In a press conference this morning (18 August), Julian Assange told reporters a Wikleaks spokesman could confirm that

"I am leaving the embassy soon"

and the Ecuadorian Foreign Minister, according to The Guardian

"referred to recent changes to the extradition laws in the UK which he believed would mean Mr Assange would not be facing extradition if the case started today."

Notice he did not claim these changes make any actual difference now; merely that they would have made a difference had the case started today. It started (and ended) some time ago, so they make no difference at all.

The changes he’s referring to are the new sections 12A and 21A of the Extradition Act 2003, inserted by the Anti-social Behaviour, Crime and Policing Act 2014, amendments which took effect a few weeks ago, on 21 July.

The new section 12A brings in a new bar to extradition under a European Arrest Warrant if the requesting country has not made a decision to charge, and the CPS (which in this case represents the “category 1 territory”, Sweden) cannot satisfy the extradition judge that

"the person’s absence from the category 1 territory is the sole reason for that failure."

This might or might not help someone in Assange’s situation. Arguably his absence from Sweden is indeed the “sole reason” why he’s not been charged; it’s even more strongly arguable that his absence is the sole reason why no decision has been made whether to charge him or not. But there would certainly be room for Assange’s lawyers to argue, based on points his supporters have made in public about the possibility of interviewing him by video, that his absence from Sweden isn’t the “sole reason” he’s not been charged.

The case isn’t being argued today, though. Section 156(3) of the Anti-social Behaviour, Crime and Policing Act provides that

"In a case where the Part 1 warrant (within the meaning of the Extradition Act 2003) has been issued before the time when the amendments made by this section come into force, those amendments apply to the extradition concerned only if, at that time, the judge has not yet decided all of the questions in section 11(1) of that Act."

The warrant was issued in 2010, of course; and the extradition judge decided all those questions in 2011. So the new provisions just don’t apply in Julian Assange’s case.

The new section 21A brings in another new bar to extradition where the judge thinks it would be disproportionate bearing in mind the seriousness of the alleged conduct, the likely penalty, and the possibility of “less coercive measures” by the requesting state. In a case of alleged rape (and the UK courts do see this as a case of alleged rape: see paragraphs 104–127 of the High Court’s 2011 judgment) it’s hard to argue that extradition would be disproportionate bearing in mind these considerations.

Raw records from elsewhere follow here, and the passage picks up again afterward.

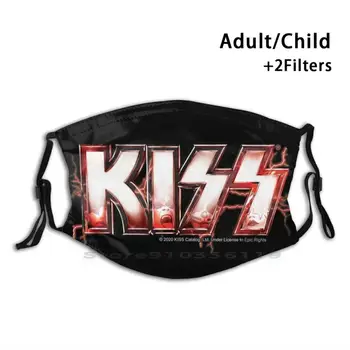 Kiss Rocková Skupina Red Lightning Logo Tváre Opakovane Úst Tvár Masku S Filtrom Deti Kiss Fan Art Kapela Kiss Kiss Hudba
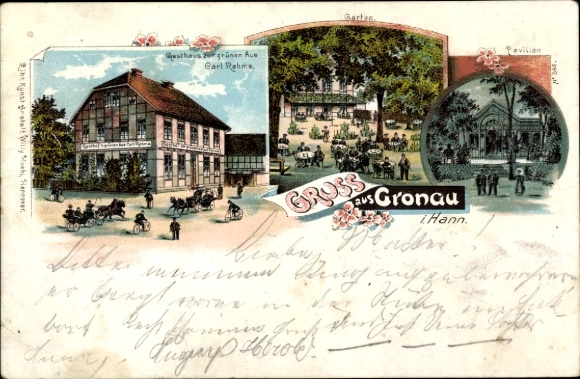 Chromo-Litho Gronau on the Leine Lower Saxony, Gasthaus zur Grünen Aue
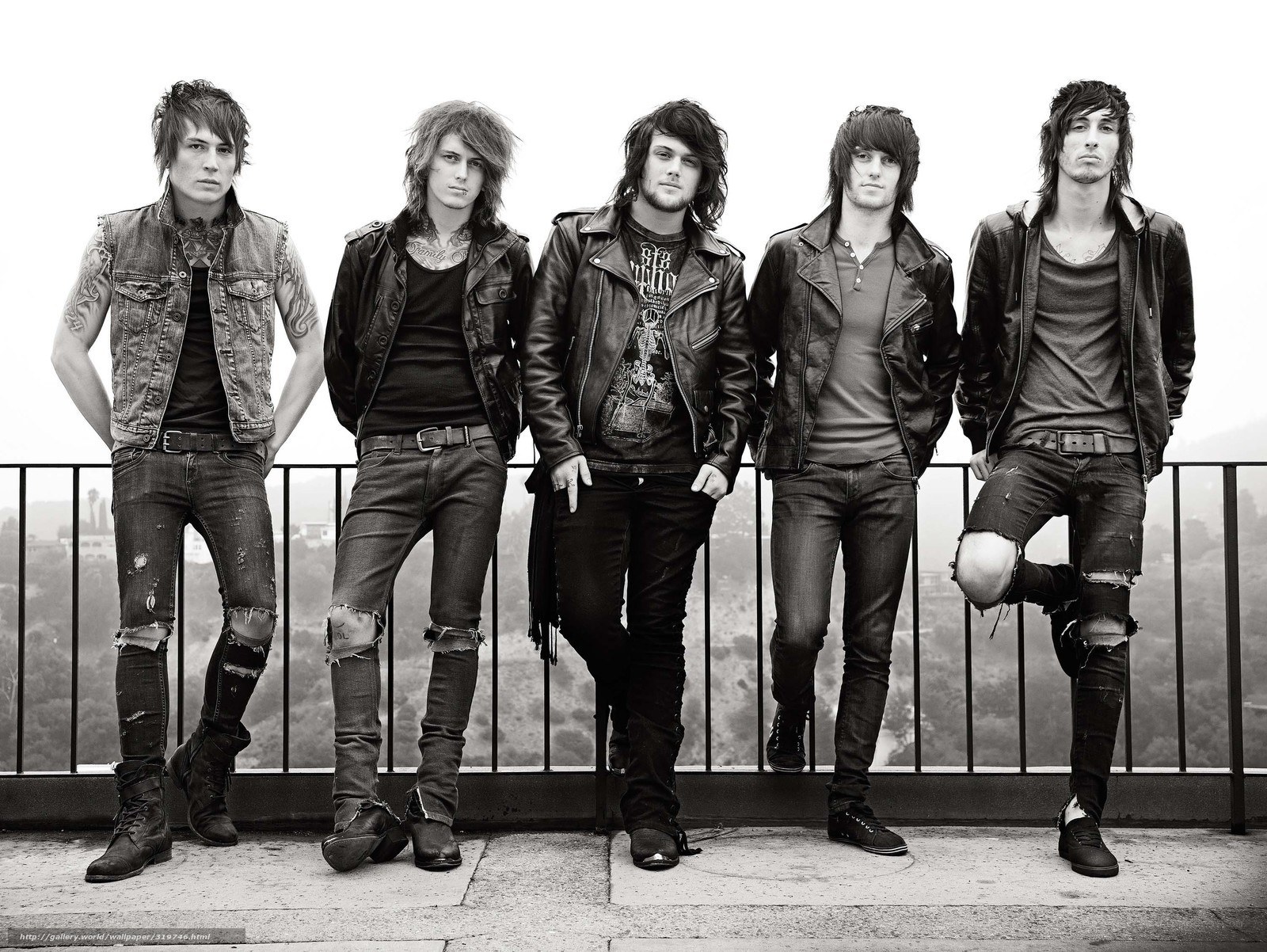 five band members on balcony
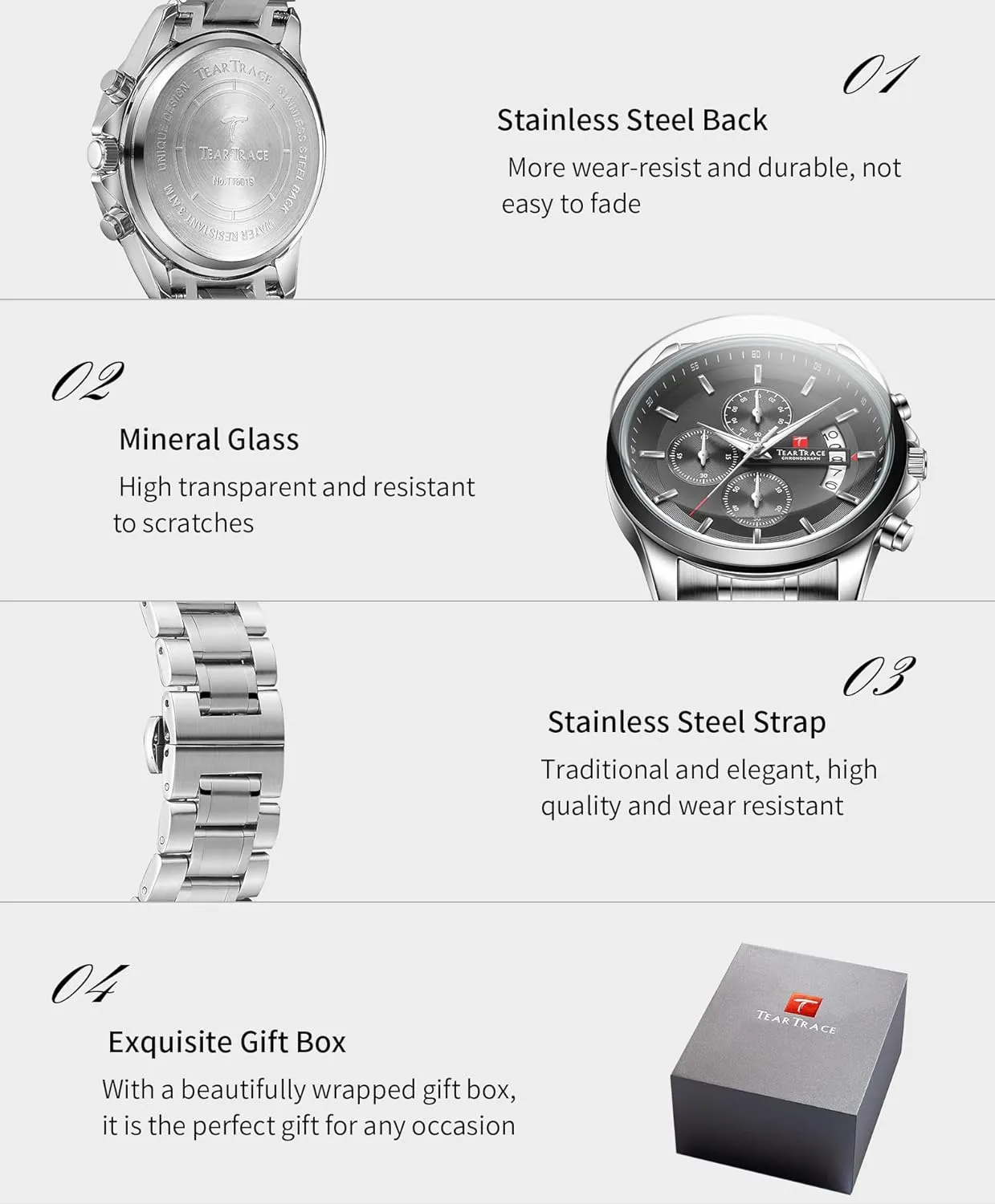 Waterproof Chronograph Luminous Dress Watch with Stainless theatrically increment precautionary snow carpenter compositional Steel Starp for Business Casual Wear Watches for Men Quartz Analog Silver Mens Watches Luxury 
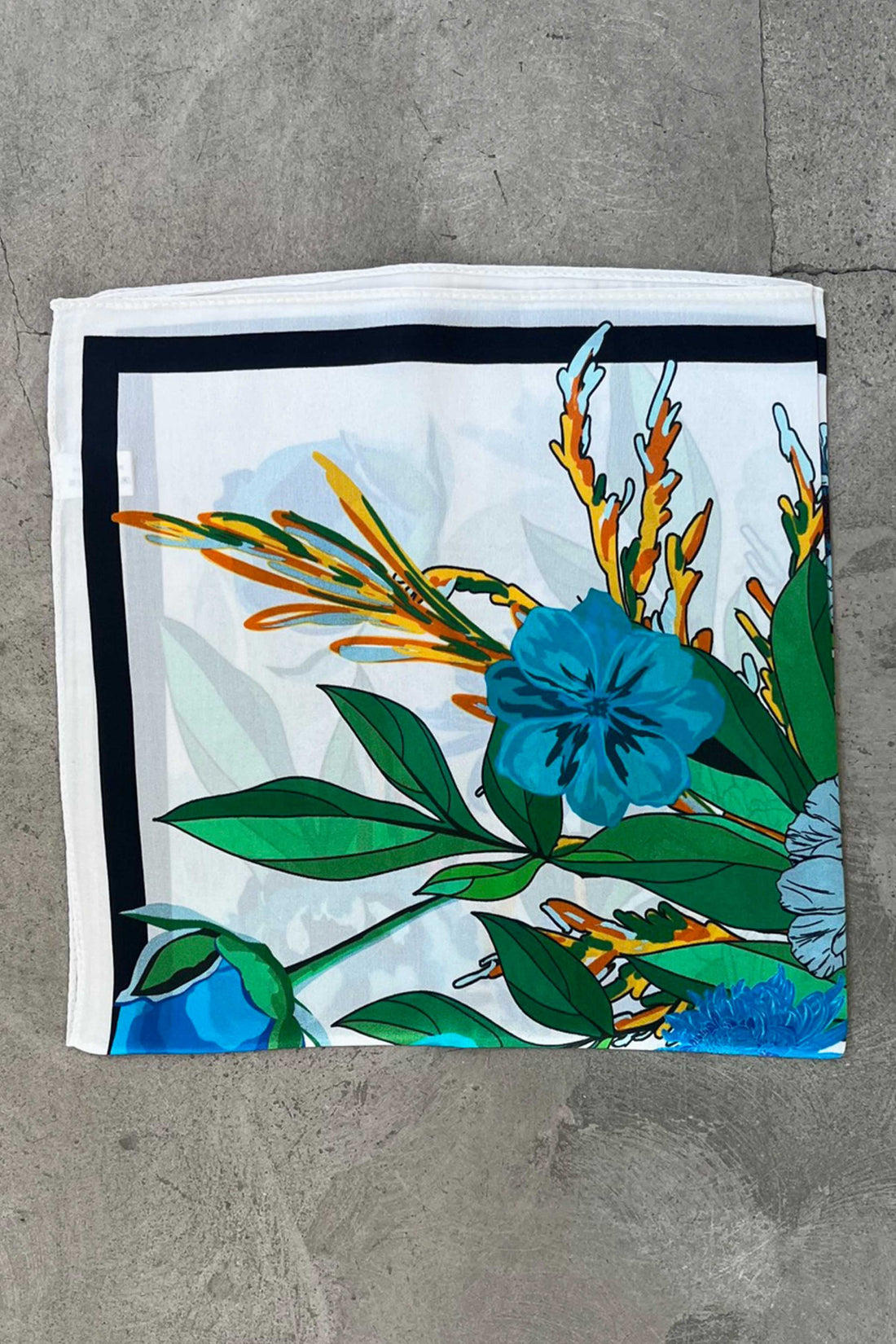 Silk scarf off white blue multi flower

But in any event, section 157(5) makes exactly the same transitional provisions about the new “disproportionality” rule as apply to the new “no charge” rule. Where the arrest warrant was issued before the new rule came into force, it applies only if the case is still before the extradition judge.

Neither of the new rules applies, then. Julian Assange’s extradition case ended in 2012, with the Supreme Court’s ruling that he should be extradited to Sweden. The amendments don’t apply to his case retrospectively.

If this saga (or its extended UK sub-plot) is finally approaching its end, then it can only end with a flight to Sweden. In spite of what Assange seemed to say today, he may still see his departure as somehow conditional on a deal with the UK (which, as I’ve written before, seems to me hopeless). But assuming he does leave the embassy in the coming days or weeks, he’ll surely be arrested, then extradited in accordance with the courts’ rulings.

His surrender might conceivably be postponed briefly in accordance with article 23.4 of the European Arrest Warrant Framework Decision, if travelling would cause a serious risk to his health; and I dare say he’ll attempt some sort of last-ditch application for bail or an injunction in the short period before he’s extradited. But his position’s legally hopeless.

The only question is whether he really does leave the embassy soon, or not.